▸ **TASK BRIEF**:
Below are records with pictures. Transcribe exactly, and only, the lines from the line with "Cormorant Bird in the sky Cormorant" to the line with "Alfred Kammer, Director, IMF", both ends included, but not the pictures.

[Data records]
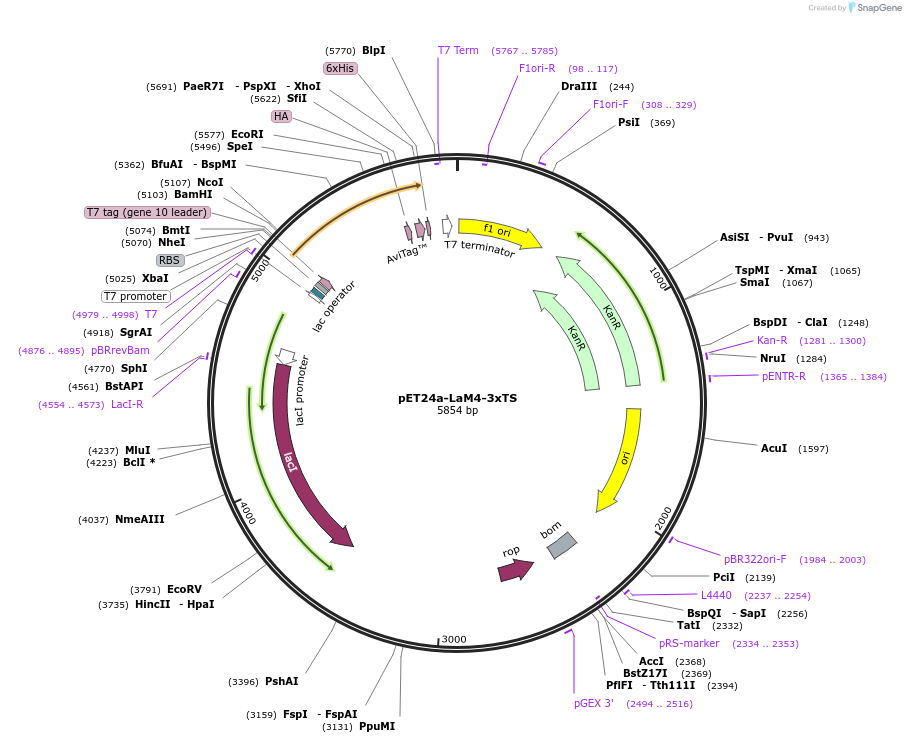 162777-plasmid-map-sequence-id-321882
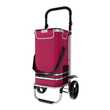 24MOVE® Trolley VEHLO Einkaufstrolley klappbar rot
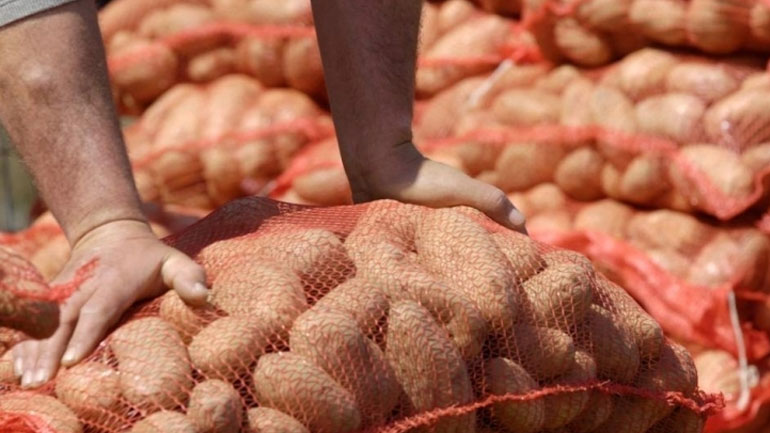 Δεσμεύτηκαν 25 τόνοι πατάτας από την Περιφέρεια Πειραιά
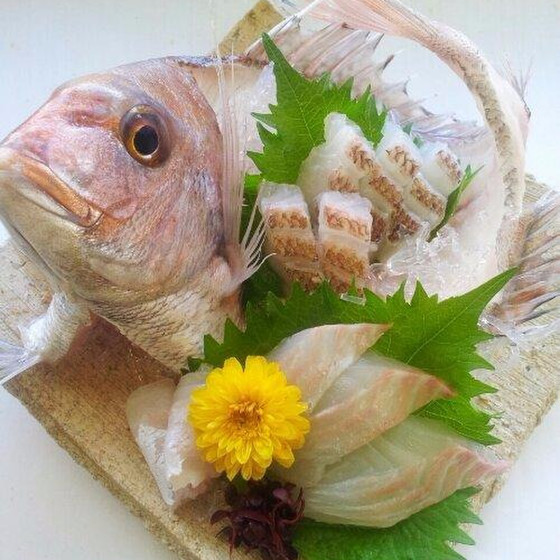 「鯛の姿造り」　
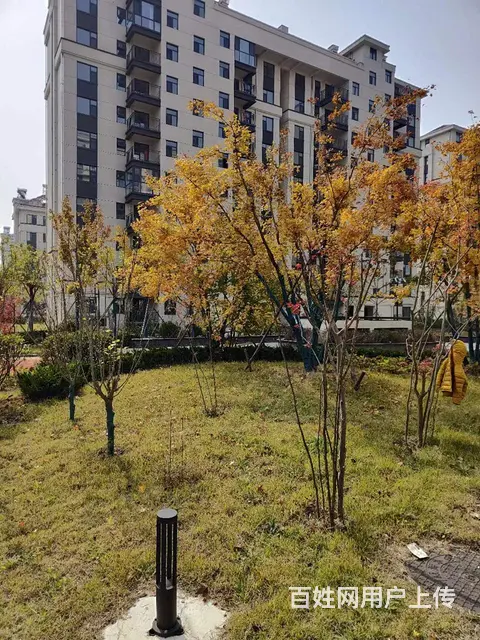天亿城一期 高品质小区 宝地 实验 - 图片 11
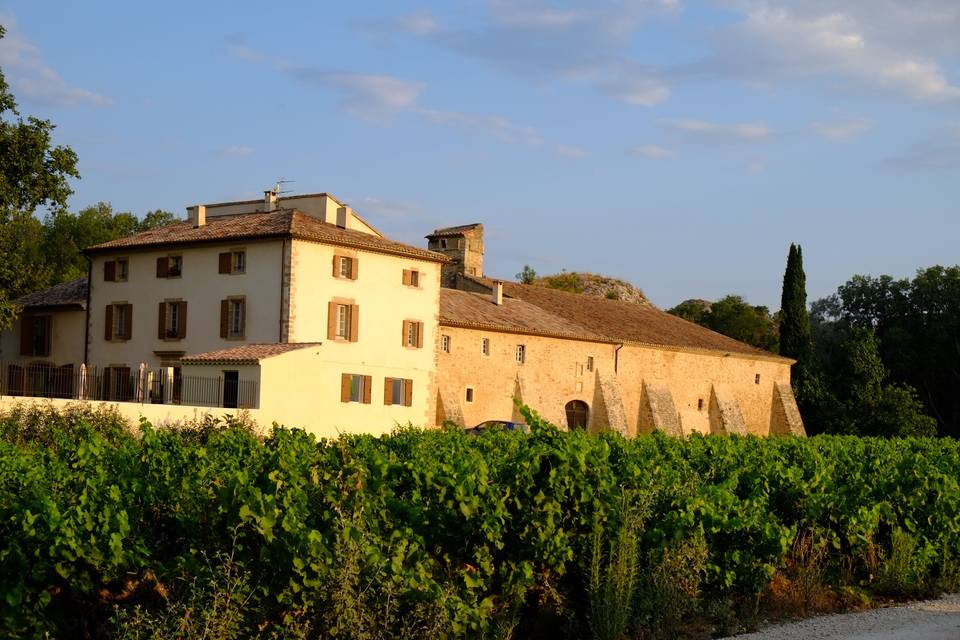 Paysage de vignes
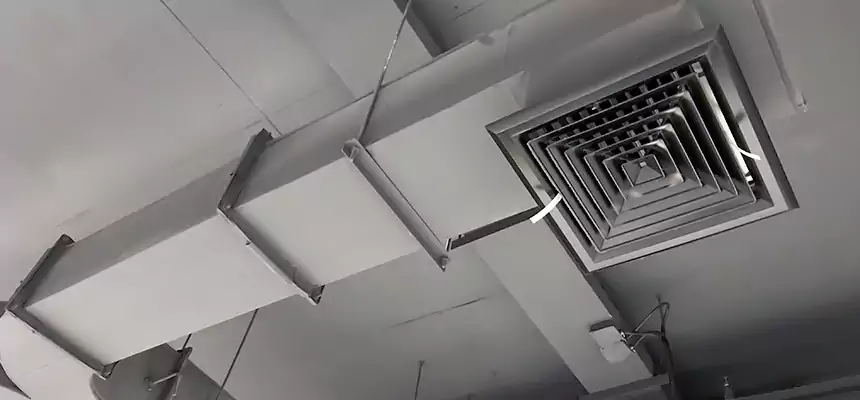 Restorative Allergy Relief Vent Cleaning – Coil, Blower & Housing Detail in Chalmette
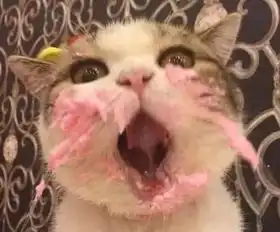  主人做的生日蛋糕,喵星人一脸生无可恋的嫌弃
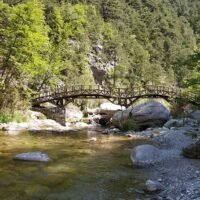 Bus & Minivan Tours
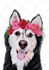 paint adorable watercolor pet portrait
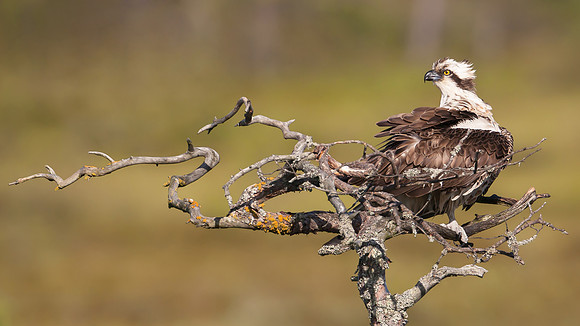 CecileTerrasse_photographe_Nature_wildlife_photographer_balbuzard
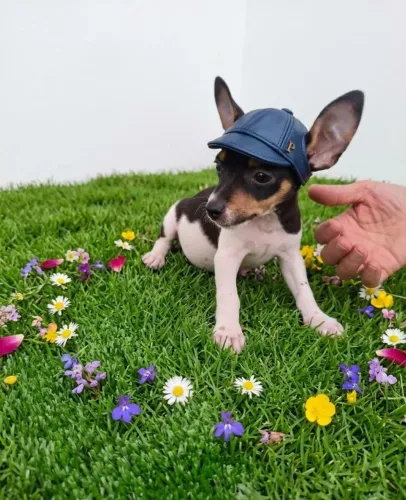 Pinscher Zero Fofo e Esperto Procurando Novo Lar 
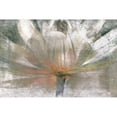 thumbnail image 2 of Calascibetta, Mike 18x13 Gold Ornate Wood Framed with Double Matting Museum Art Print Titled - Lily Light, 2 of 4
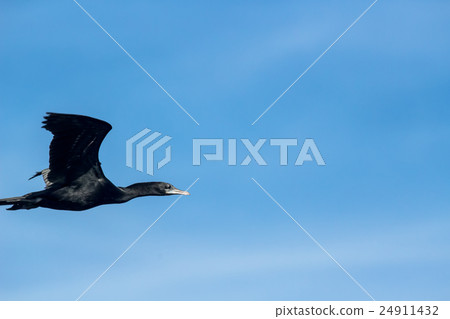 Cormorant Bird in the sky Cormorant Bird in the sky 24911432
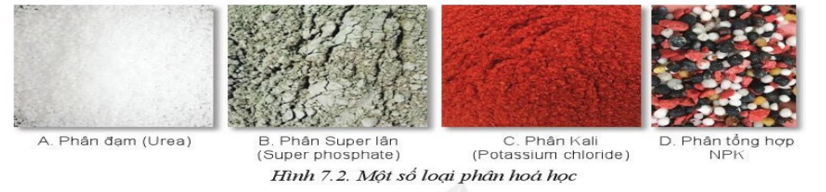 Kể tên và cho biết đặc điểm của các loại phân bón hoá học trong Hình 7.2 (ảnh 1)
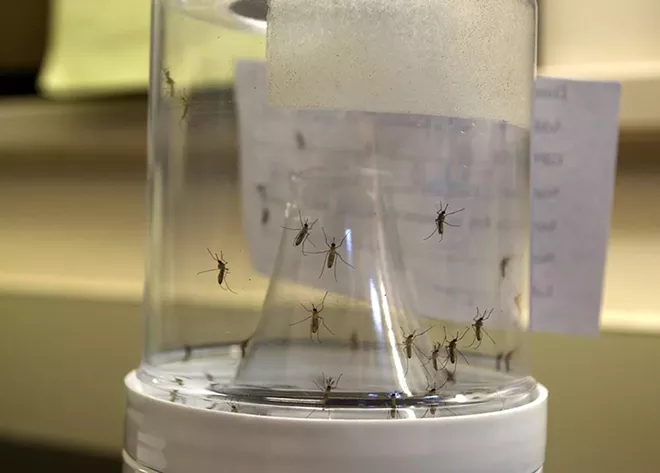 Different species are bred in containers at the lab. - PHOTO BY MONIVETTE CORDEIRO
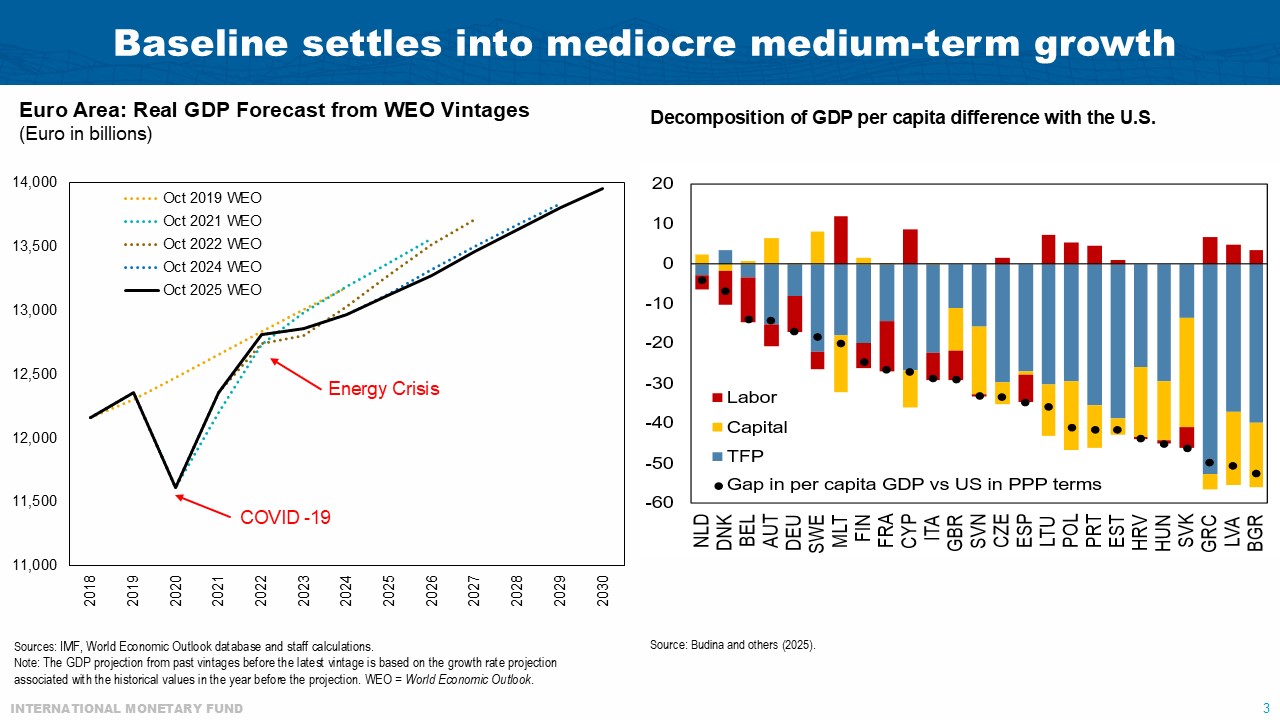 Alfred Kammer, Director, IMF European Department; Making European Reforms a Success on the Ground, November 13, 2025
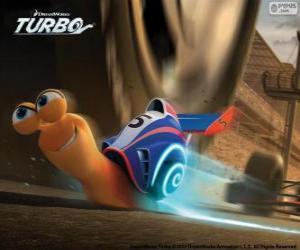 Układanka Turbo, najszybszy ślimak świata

▸ **RESPONSE**:
 Cormorant Bird in the sky Cormorant Bird in the sky 24911432
 Kể tên và cho biết đặc điểm của các loại phân bón hoá học trong Hình 7.2 (ảnh 1)
 Different species are bred in containers at the lab. - PHOTO BY MONIVETTE CORDEIRO
 Alfred Kammer, Director, IMF European Department; Making European Reforms a Success on the Ground, November 13, 2025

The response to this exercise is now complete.